Social Topography by BNKR Arquitectura_




Architects: BNKRArquitectura
Design Team: Emelio Barjau, Sebastian Suarez, Cesar Ruiz, Cesar Saldivar, Fidel Arteaga, Jorge Alcántara, Enrique Ramírez, Martha Alanís, José Luis Guerrero, Omar Vega and Leonora Zepeda
Area: 150 sqm
Photography: Emelio Barjau
Location: Cd. Juárez, Chihuahua, Mexico

In 2012 BNKR Arquitectura built the Upcycling Pavilion that operated as the cafeteria of Expo CIHAC, the largest architecture and construction exhibition in Latin America that takes place every year in Mexico City. It was a self-promoted project, built with 5,000 soda crates that aimed to serve as an example of how to accomplish a sustainable pavilion that won’t end in the trash once the exhibition was over, like the rest of the pavilions. When the expo culminated, the crates were returned to the soda company to continue its original use and function: to carry sodas.

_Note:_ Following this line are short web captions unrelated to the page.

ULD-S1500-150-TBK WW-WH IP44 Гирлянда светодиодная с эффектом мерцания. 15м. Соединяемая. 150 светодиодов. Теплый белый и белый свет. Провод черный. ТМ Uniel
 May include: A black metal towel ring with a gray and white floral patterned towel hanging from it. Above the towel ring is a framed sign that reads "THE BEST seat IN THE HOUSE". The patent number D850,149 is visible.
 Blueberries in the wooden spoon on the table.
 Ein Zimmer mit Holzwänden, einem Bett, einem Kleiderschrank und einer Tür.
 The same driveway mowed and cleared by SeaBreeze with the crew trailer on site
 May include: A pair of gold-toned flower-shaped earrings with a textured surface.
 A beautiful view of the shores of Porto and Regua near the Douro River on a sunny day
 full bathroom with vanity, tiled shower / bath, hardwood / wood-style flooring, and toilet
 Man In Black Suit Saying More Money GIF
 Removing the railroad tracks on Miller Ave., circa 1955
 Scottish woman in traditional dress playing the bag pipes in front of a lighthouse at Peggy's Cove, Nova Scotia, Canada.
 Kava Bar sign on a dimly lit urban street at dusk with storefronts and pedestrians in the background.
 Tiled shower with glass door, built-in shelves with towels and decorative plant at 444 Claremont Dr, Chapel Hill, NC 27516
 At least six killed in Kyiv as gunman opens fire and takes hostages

The Upcycling Pavilion caught the attention of the government personnel of the Mexican State of Chihuahua who visited the exhibition in 2012. They were so impressed by it that they invited us to do a similar intervention in the Annual Book Fair in the City of Juarez. BNKR’s only requirements was 5,000 soda crates and a group of 30 architecture students to help build the pavilion. The space that was assigned, was the center of the Book Fair. The architects wanted to accomplish more than just an aesthetic/sculptural object that only called for attention, so BNKR Arquitectura imagined a topography formed with the soda crates in which the visitors of the exhibition could utilize it in infinite ways. The topography functioned as benches to sit on, as a threshold that connects the fair isles, as an observer to value other stands from another perspective, as stairs, as a playground for kids, as an amphitheater for an acoustical concert and as a place to accommodate visitors to experience a small lecture or conference.





More than just an architectural intervention, the pavilion became a social topography that invited the exhibition visitors to explore it, and it responded to the different uses they gave it. Once the fair was over, the architects disassembled the pavilion, and the crates were returned to the soda company without generating pollution or residues, minimizing its carbon footprint. The Social Topography served as an example of how BNKR Arquitectura can upcycle and reuse common every day objects, and in a creative way transform them and give them a new use.